一人の男性の声が、突如として広間内に響き渡った。




「ふんっ!ネルヴァンの王子が聖城に顔を出すなど……汚らわしい!」




……―――ざわっ、
一瞬にして広間内の雰囲気が一変する。
男性の発した言葉に、ジョシュアの眉間がピクリと吊り上がった。
男性の声は茉莉も、その場に居合わせる他の王子達も当然拾っている。
声の主を探して広間を見渡したなら、窓際に寄り掛かる中年男性が一人。
先程の発言は、どうやら彼のようだ。




「まさか、我らがジョシュア様と易々肩を並べるつもりでいるのかねぇ。ハッ!大人しく落ちぶれていれば良いものを、協定を結んだ途端に図々しくも、よくもまぁ……。
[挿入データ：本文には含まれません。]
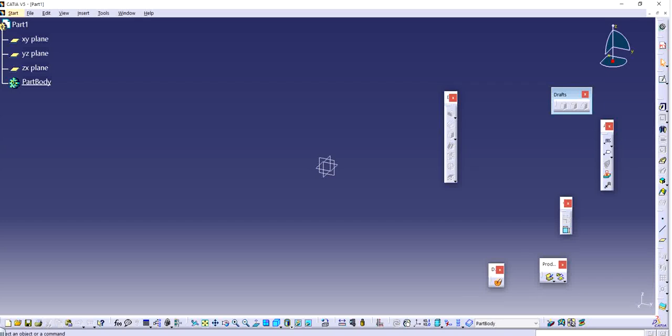Hello guys, you're going to be back with another video of CATIA V5. In this video I will show you how to use the draft angle feature in CATIA. So let's get started.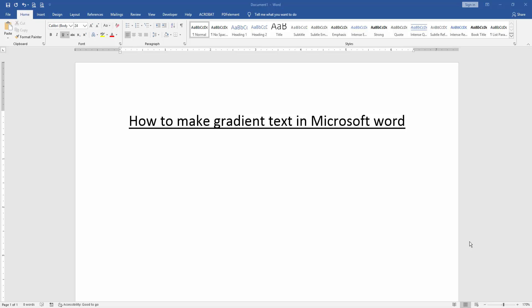Hello friends, welcome back. In this video, I'm going to show you how to make gradient text in Microsoft Word. Let's get started. First, we have to open a Word document.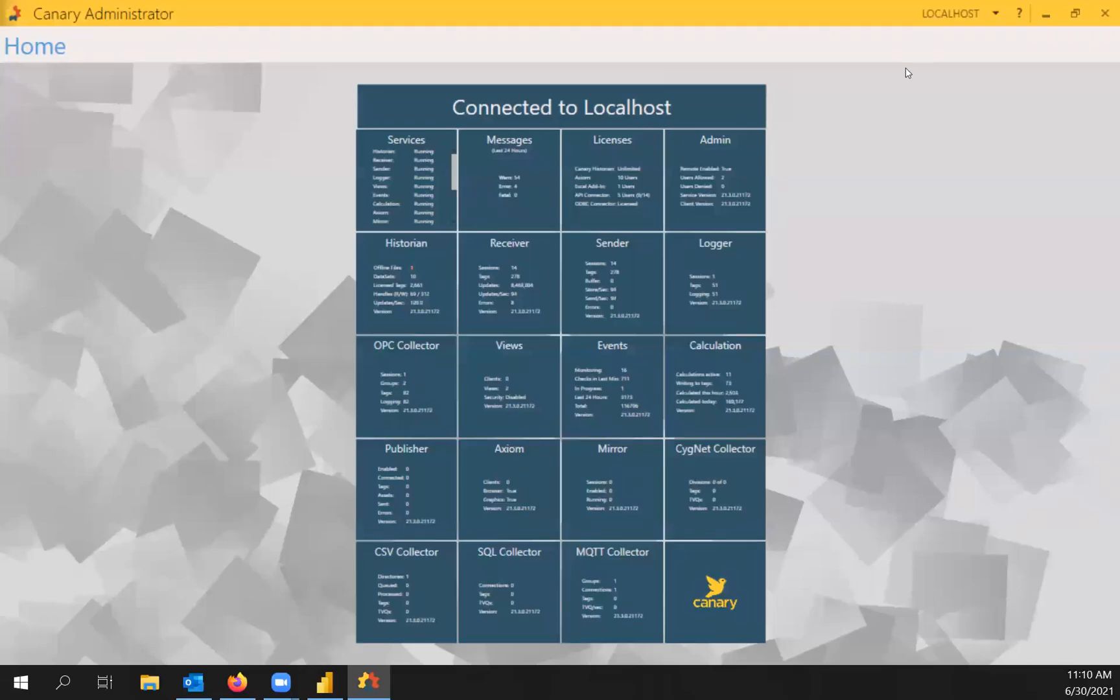Hi, everyone. This is Steve from Canary Labs, and today I'd like to show you how you can connect to Power BI and bring in some data for some reporting and visual tools.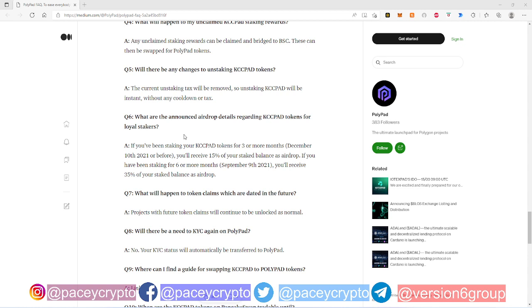And then it says if you've been staking for six or more months, September 9th or before, you receive 35% of your staked balance as airdrop. So that's pretty exciting as well. 35% of your staked balance as airdrop if you've been staking before September. That is an insane amount.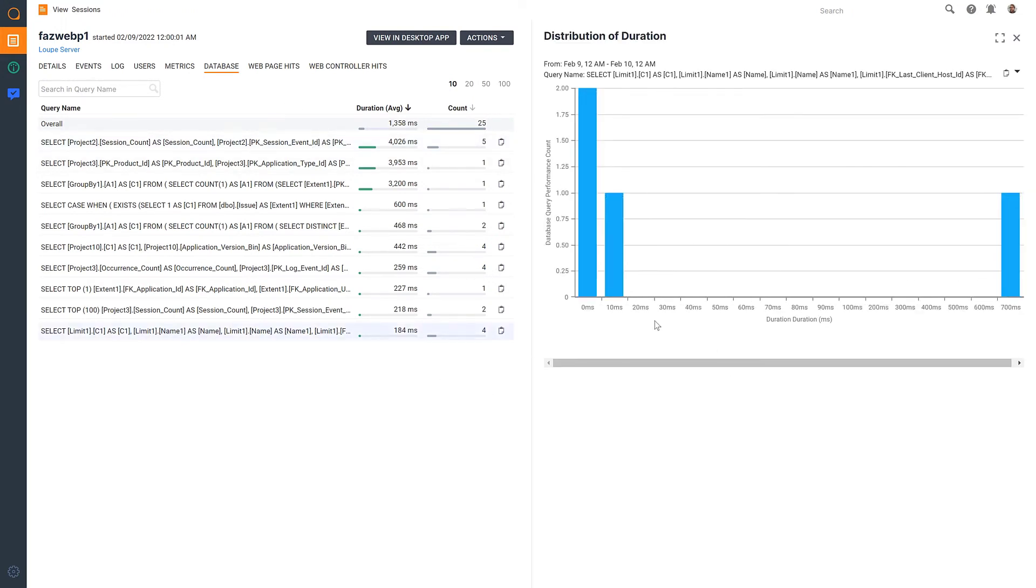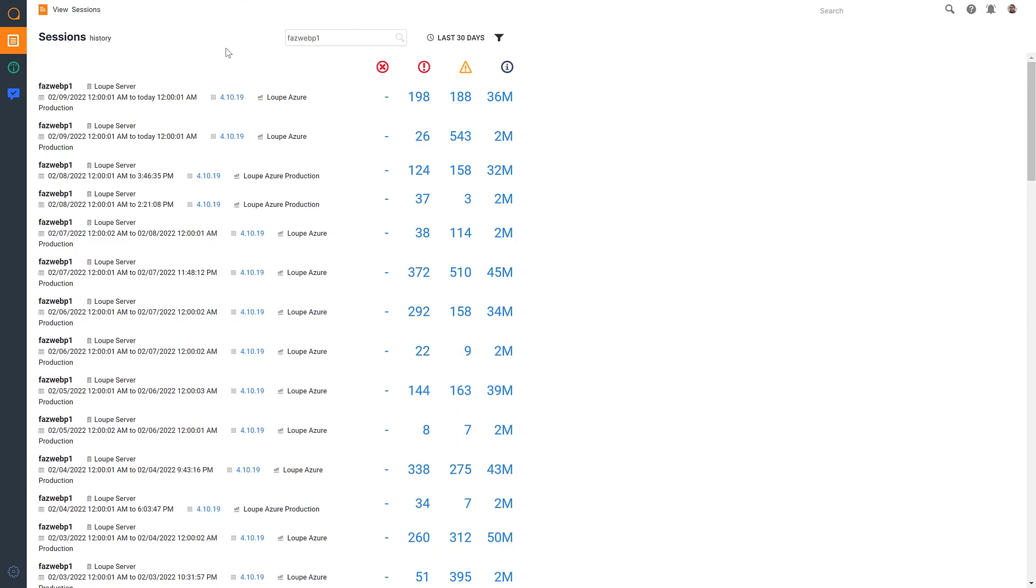When ready to move on, I can hop back to the home page and continue exploring the session list.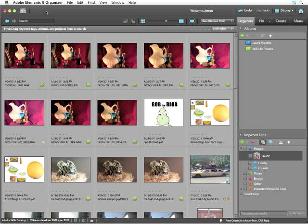A Smart Album can be set to add images with specific keywords, or that were shot with a particular camera, or perhaps they were created or captured on a specific day.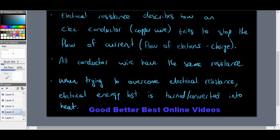Household items like a stove, toaster, and fan heater all illustrate this principle. To overcome electrical resistance, the electrical energy lost is converted into heat. The stove plate warms up giving us heat energy for cooking and boiling; the toaster heats bread; and fan heaters warm rooms — all converting electrical energy lost through resistance into useful heat energy.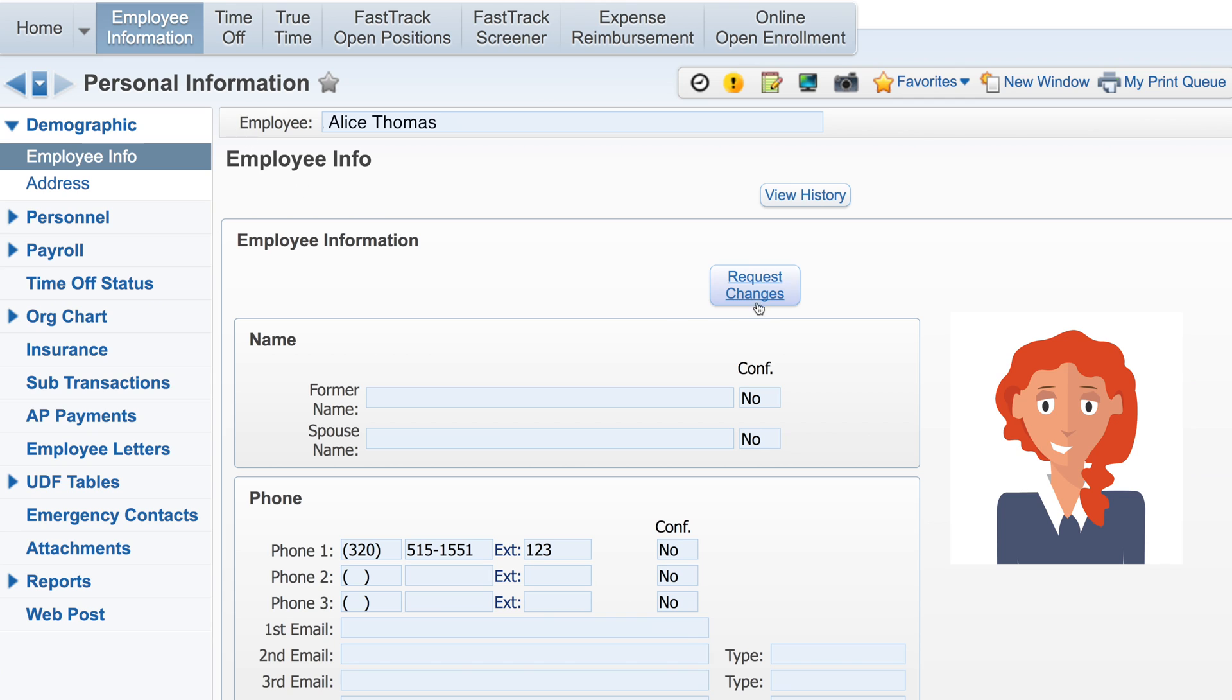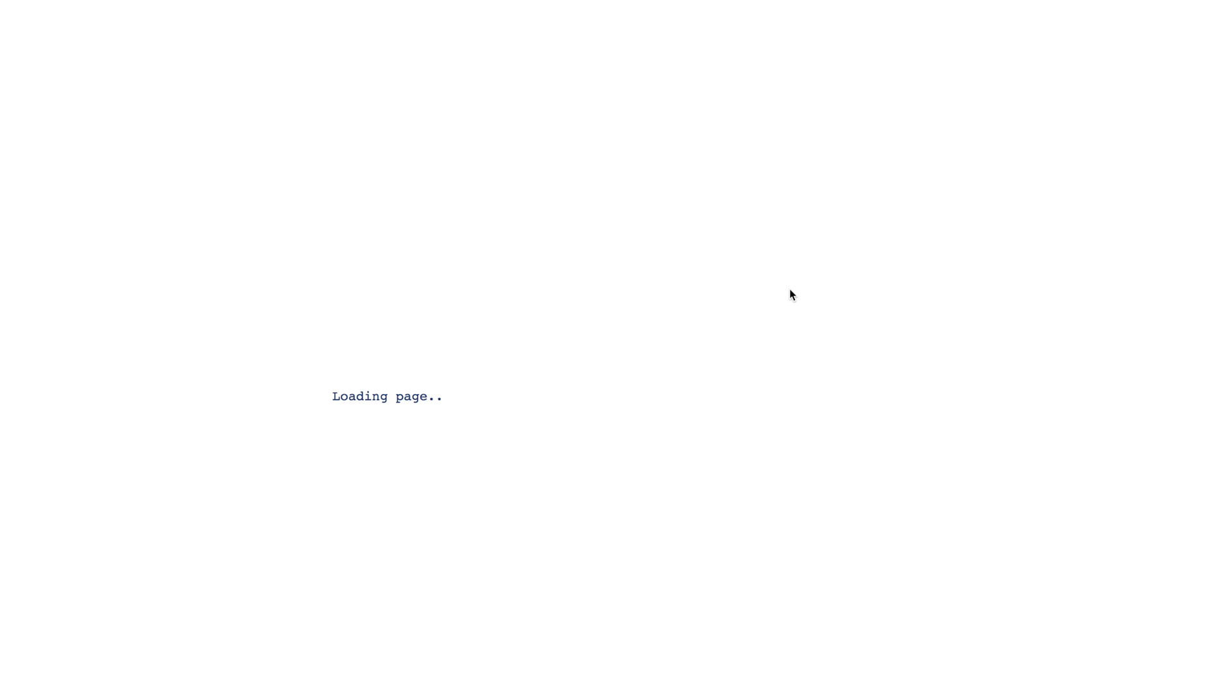You can request changes to your employee information found under demographics at any time. From this screen, click the Request Changes button, then enter your new information and click Save.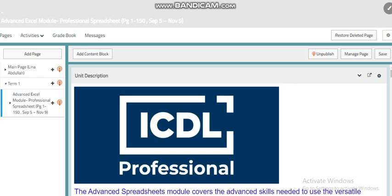Hello my dear students, this is Lina Abdullah, your IT teacher. Welcome to our unit video where I'm going to introduce our unit in this course, which is 21st century advanced skills.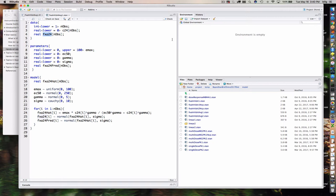One thing I've introduced that we didn't have before: instead of hard-coding the number of observations, I've included it as a data item passed in from the R script — called n_obs, declared as an integer with a lower bound of one. Then I've declared each of our two variables — c24 and fxa24 — to have that number of observations.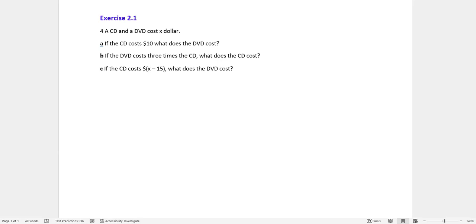Hello everyone and welcome back to another video. One of my subscribers has requested to solve exercise 2.1 question 4, so let's get started.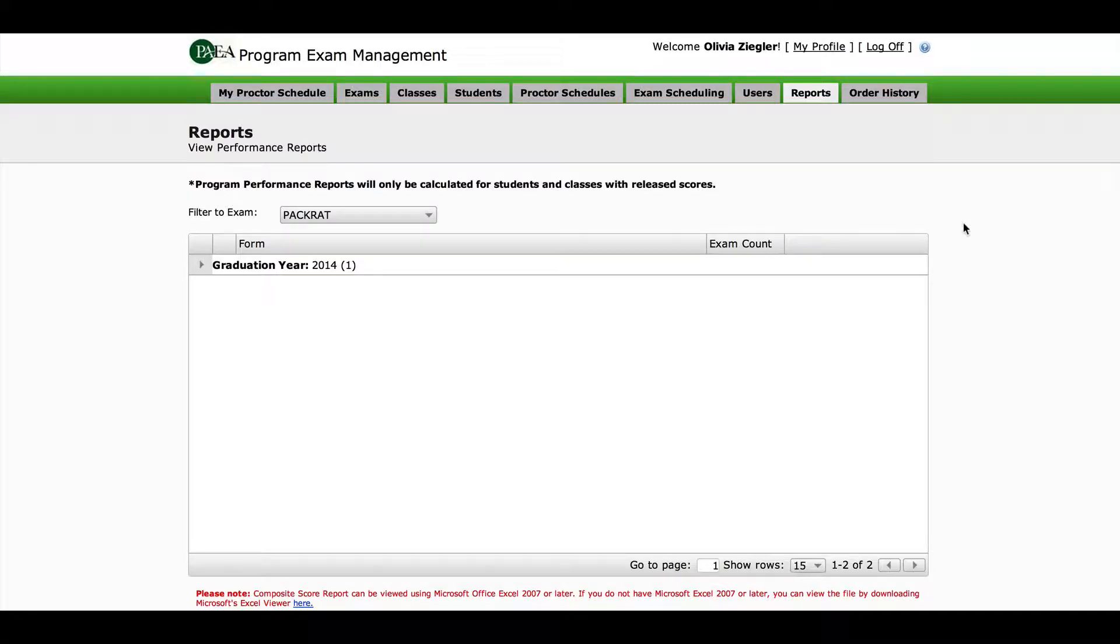Program reports and national data can be found under the Reports tab. There are two report types: your full cohort's performance report and a composite report.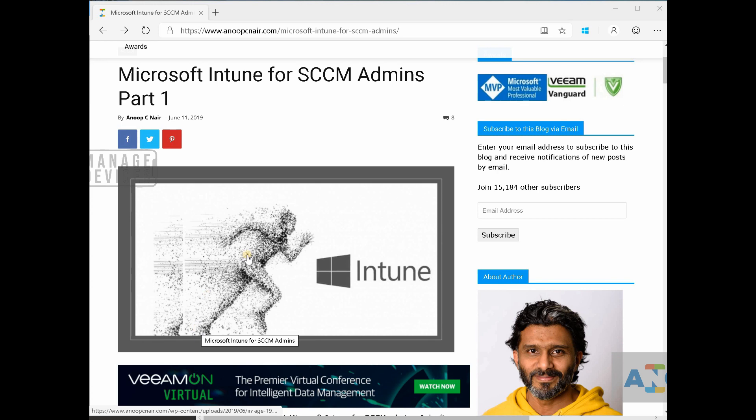This is Anoop here and in this video we are going to see Microsoft Intune for SCCM admin.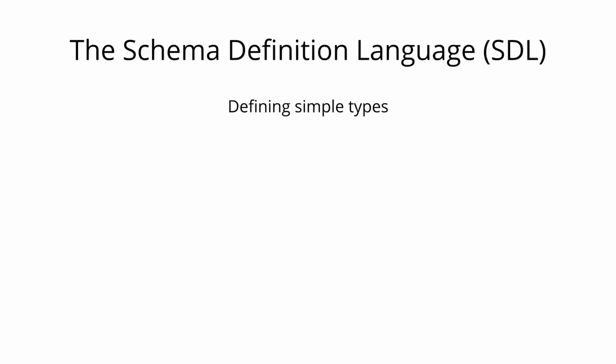GraphQL has its own type system that's used to define the schema of an API. The syntax for writing schemas is called the schema definition language, or short, SDL.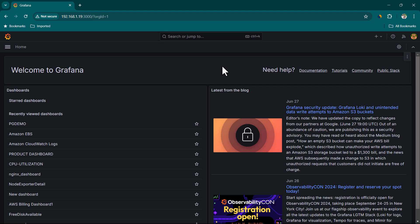In this lesson, I'm going to show you how we can use Grafana to connect to a Microsoft SQL Server database and then create a dashboard. We are probably going to create a couple of panels and also use variables.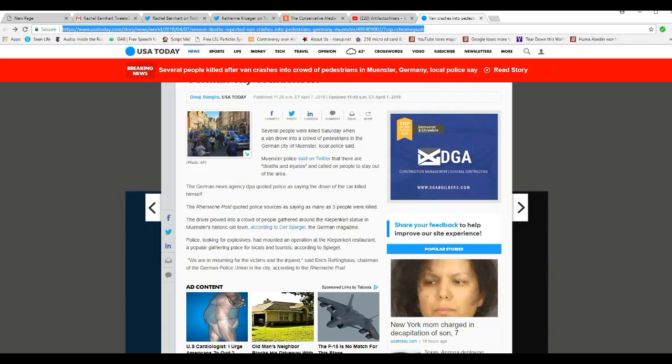Driver plowed into a crowd of people gathered around the Keeping Curl statue in Münster's historical town, according to Der Spiegel, the German magazine. Police looking for explosives had bombed an operation at the restaurant.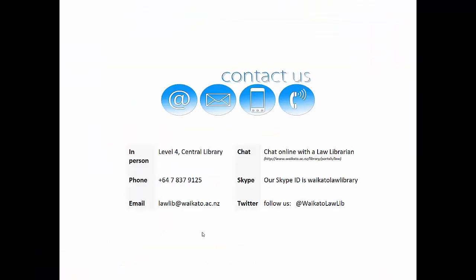So that's literally all there is to it. If you need help with this or anything else, get in touch. Details are on the screen.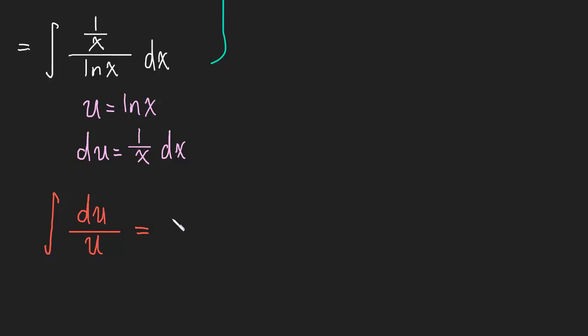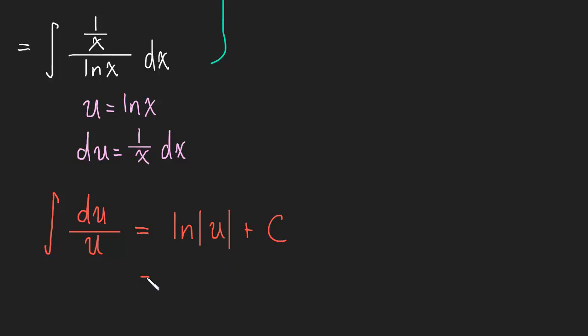This is equal to the natural log of u plus C. And what is u? It's the natural log. So this turns out to be the natural log of the absolute value of the natural log of x plus C.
ネルヴァンなど、誰が心許すか!」




荒々しく語気を強め、頻りにネルヴァン王国を批判するその男性は、余程酔っているのか、真っ赤に顔を歪ませている。
男性は千鳥足で給仕を「おい!」と呼び止めると、グラスを奪い取り、勢い良く酒を呷っていた。




(な……何なの、この人?幾らドレスヴァンとの間にわだかまりが根強いとは言っても、こんなに沢山の人の前で……レオナルド様を汚らわしいって言った?)




男性の罵声は尚も続けられ、広間内は瞬く間に不穏な空気に包まれた。
これには出席者達もざわめき立ち、最早当初のパーティーの楽しさは微塵も無い。
だが、当人は雰囲気を台無しにしている等とは露にも気付いていない様子で、更に酒を呷っていた。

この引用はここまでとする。